I have fears about our church. I’m scared of my leadership incapabilities, but I suppose that is part of the plan on this crazy, church planting journey. I am scared of not being able to lead our team through another Phoenix summer of setting up and tearing down every Sunday morning, and I fear I don’t have the inspiration-giving capacities to keep morale up.
In my fear, I can turn to one of two saviors for peace and assurance. One is true and faithful and will ask me to trust despite not knowing what will happen, and the other is false and functional.
To my shame, I have prayed, “God, if you would just give us a building, our church will be alright.” What I mean and am too ashamed to admit most of the time is, “If you will give us this, our church will be alright without you. We can make it on our own.”

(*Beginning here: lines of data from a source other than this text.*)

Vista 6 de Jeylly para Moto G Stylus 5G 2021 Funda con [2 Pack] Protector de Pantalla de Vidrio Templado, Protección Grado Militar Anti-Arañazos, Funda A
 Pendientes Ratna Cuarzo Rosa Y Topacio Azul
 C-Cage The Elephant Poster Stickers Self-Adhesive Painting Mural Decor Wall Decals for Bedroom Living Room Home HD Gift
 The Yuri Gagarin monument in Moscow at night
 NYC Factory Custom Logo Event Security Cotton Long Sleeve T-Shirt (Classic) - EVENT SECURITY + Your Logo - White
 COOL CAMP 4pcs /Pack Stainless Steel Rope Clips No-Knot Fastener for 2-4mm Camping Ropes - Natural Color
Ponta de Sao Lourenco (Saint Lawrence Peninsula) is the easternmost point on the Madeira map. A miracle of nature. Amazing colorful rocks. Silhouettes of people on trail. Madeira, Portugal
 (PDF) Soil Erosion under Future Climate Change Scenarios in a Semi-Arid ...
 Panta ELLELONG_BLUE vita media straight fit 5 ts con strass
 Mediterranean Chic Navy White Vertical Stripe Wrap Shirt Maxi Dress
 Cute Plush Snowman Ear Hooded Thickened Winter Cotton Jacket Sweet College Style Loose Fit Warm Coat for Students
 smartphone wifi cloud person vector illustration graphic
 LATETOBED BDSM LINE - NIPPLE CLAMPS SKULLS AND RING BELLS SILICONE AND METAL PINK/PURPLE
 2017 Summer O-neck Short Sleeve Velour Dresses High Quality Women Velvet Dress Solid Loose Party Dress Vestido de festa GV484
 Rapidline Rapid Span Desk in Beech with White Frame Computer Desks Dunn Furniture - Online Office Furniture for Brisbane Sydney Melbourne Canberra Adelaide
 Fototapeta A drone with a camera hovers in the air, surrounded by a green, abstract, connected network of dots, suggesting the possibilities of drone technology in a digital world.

When I read the New Testament, church history, and even look at a plethora of contemporary church plants, I know this functional savior of a building with permanent signage, community credibility, and comfort is calling me to trust her rather than Christ. It is a powerful myth that I am all too often and all too ready to believe. Here is what I try to remind myself of when that soul-sucking siren starts calling my name.
Success Doesn’t Depend on Signage
Signs don’t bring people. People bring people. Now, to be sure, we do put out signs, and people have come to our church because they saw our signs. And that’s with the limited, three-day timeframe we can have them out. But no one has or will ever say, I came back to your church because of the signage. People stick because of people, not signs. That’s because people stick to people, not signs.
A Building Doesn’t Guarantee Credibility
There are plenty of church buildings sitting empty because the “church” that meets there either stopped acting like a church or ceased to be a church. When God’s people regularly repent of sin, are reminded to believe and trust the gospel, and bring their friends, it really doesn’t matter where you meet. Jesus and the gospel are more powerful than any venue.
Comfort Has Never Been the Plan
We live in a comfort driven society, and as such, we do less and less of the really important things. Many Christians, myself included, have bought into the lie that easier is better. We want everything fast, simple, clean, no-assembly-required, little-effort-as-possible, and most importantly, pain-free. And Jesus looks at us, shaking his head with the slight grin of a knowledgeable older brother, saying, “Nope. That isn’t the plan.” Pain is the plan: the pain of not knowing, the pain of failure, the pain of patience. It’s all rigged to produce faith.
So, I can choose to be jealous of the churches that have facilities and subsequently believe God likes that church more than mine. Or, I can believe that God is for us, our comfort is not the goal, and just keep telling my friends outside the church and reminding my friends inside the church of this awesome man named Jesus.